[[ EXTRACTED RECORDS, beginning ]]
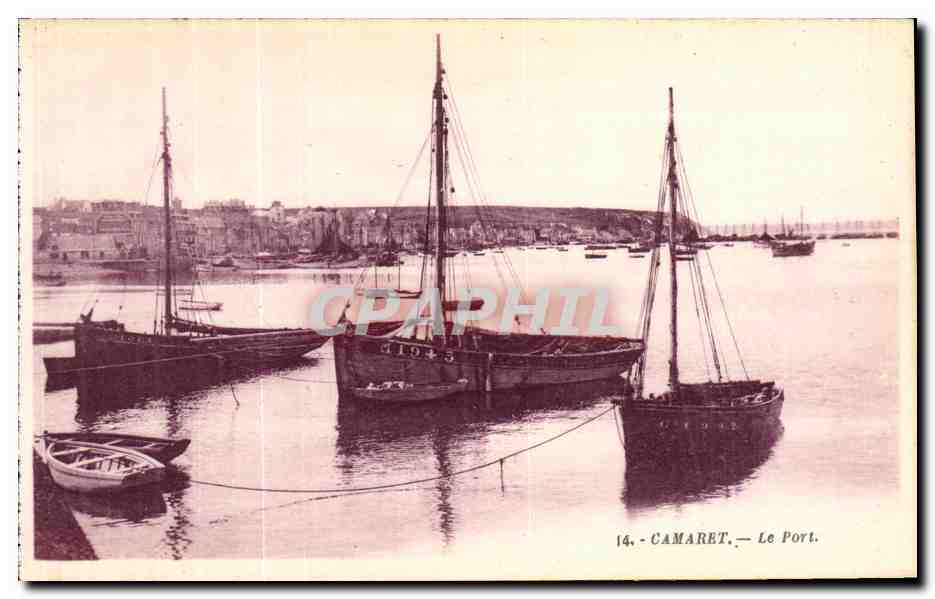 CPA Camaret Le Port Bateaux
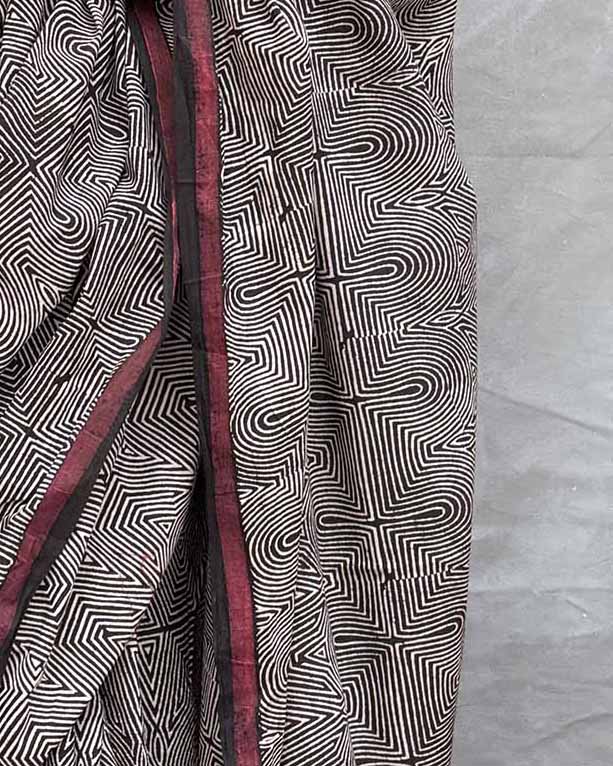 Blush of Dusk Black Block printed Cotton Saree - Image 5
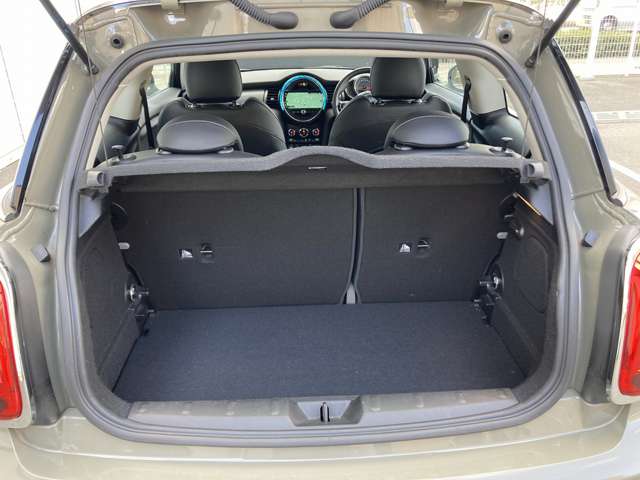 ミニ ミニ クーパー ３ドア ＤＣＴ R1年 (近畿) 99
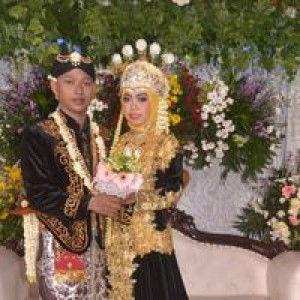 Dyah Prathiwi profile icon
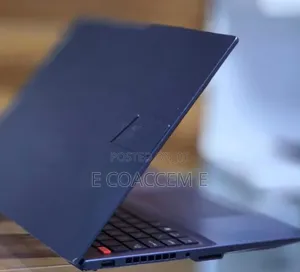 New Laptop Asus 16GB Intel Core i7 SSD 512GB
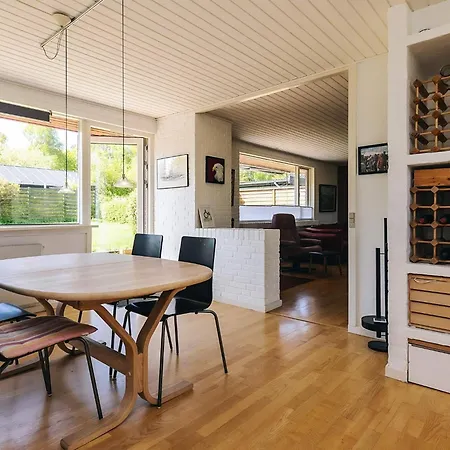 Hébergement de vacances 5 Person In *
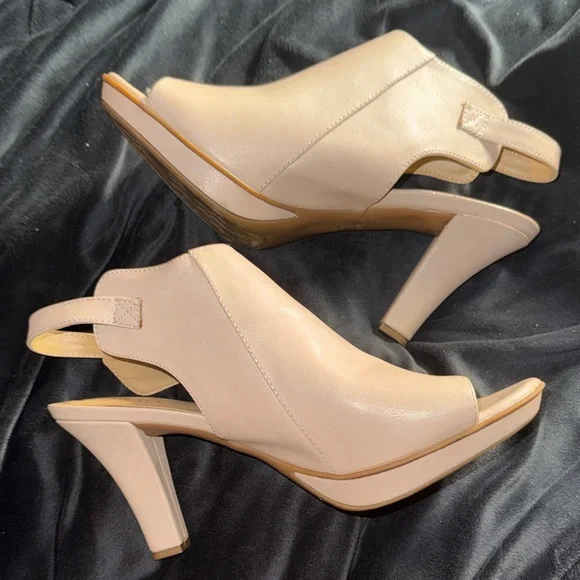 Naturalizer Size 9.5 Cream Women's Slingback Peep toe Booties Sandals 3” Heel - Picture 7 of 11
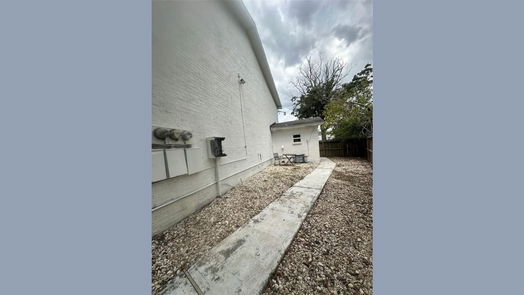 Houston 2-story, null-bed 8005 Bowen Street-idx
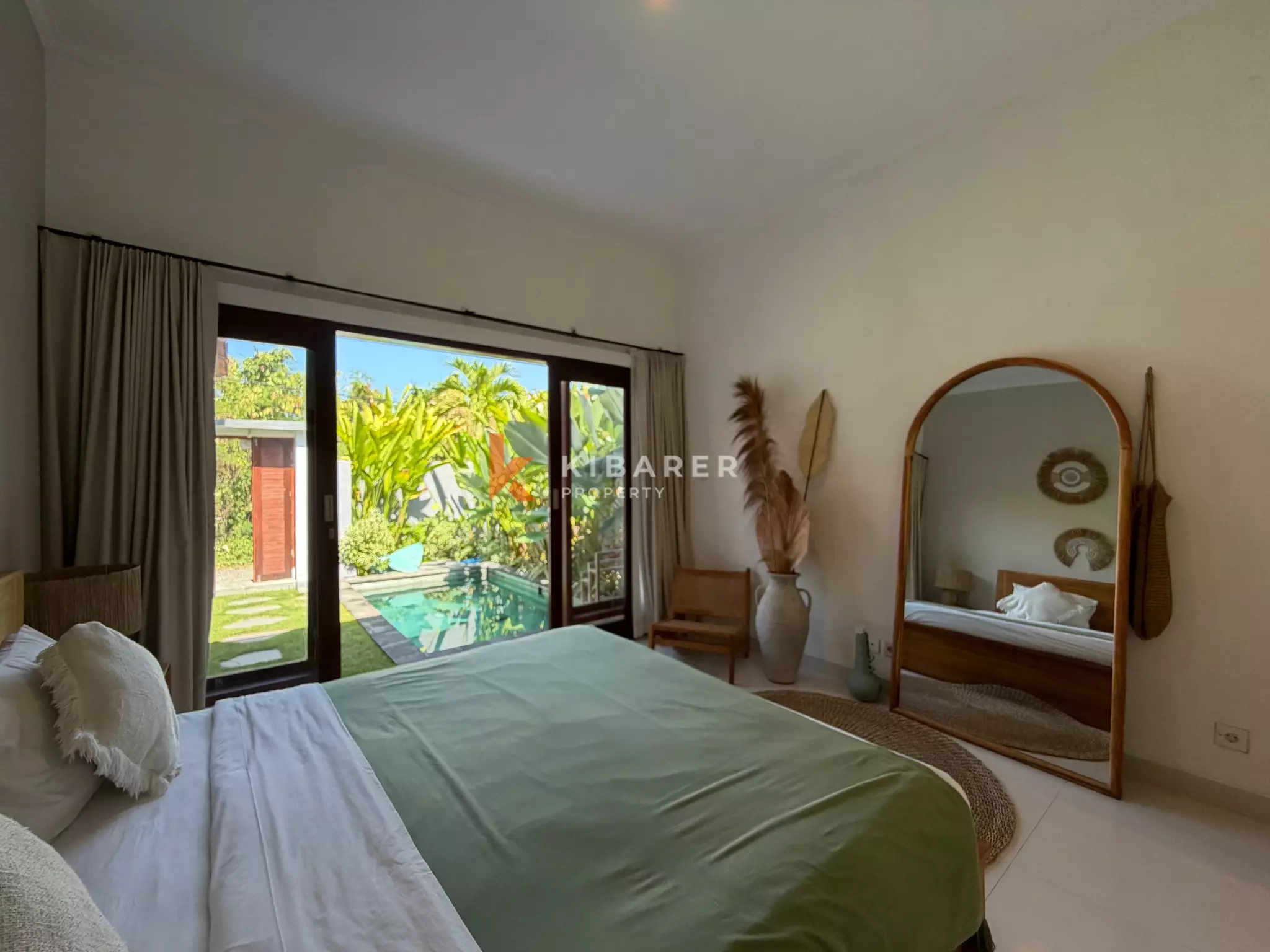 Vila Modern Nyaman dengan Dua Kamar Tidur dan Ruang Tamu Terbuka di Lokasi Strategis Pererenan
[[ EXTRACTED RECORDS, end ]]
[[ EXTRACTED RECORDS, beginning ]]
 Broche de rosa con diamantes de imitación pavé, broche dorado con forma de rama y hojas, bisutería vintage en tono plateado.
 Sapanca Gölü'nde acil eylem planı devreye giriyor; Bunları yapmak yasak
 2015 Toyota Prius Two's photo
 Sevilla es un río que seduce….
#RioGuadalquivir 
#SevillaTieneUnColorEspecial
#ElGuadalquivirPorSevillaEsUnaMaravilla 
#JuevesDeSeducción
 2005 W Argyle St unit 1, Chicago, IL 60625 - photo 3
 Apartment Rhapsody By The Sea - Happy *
[[ EXTRACTED RECORDS, end ]]
● WHAT YOU ARE ASKED TO DO: Scan the records above for the string "photo", then copy each line where it turns up.

● RESPONSE TO THE TASK:
 2015 Toyota Prius Two's photo
 2005 W Argyle St unit 1, Chicago, IL 60625 - photo 3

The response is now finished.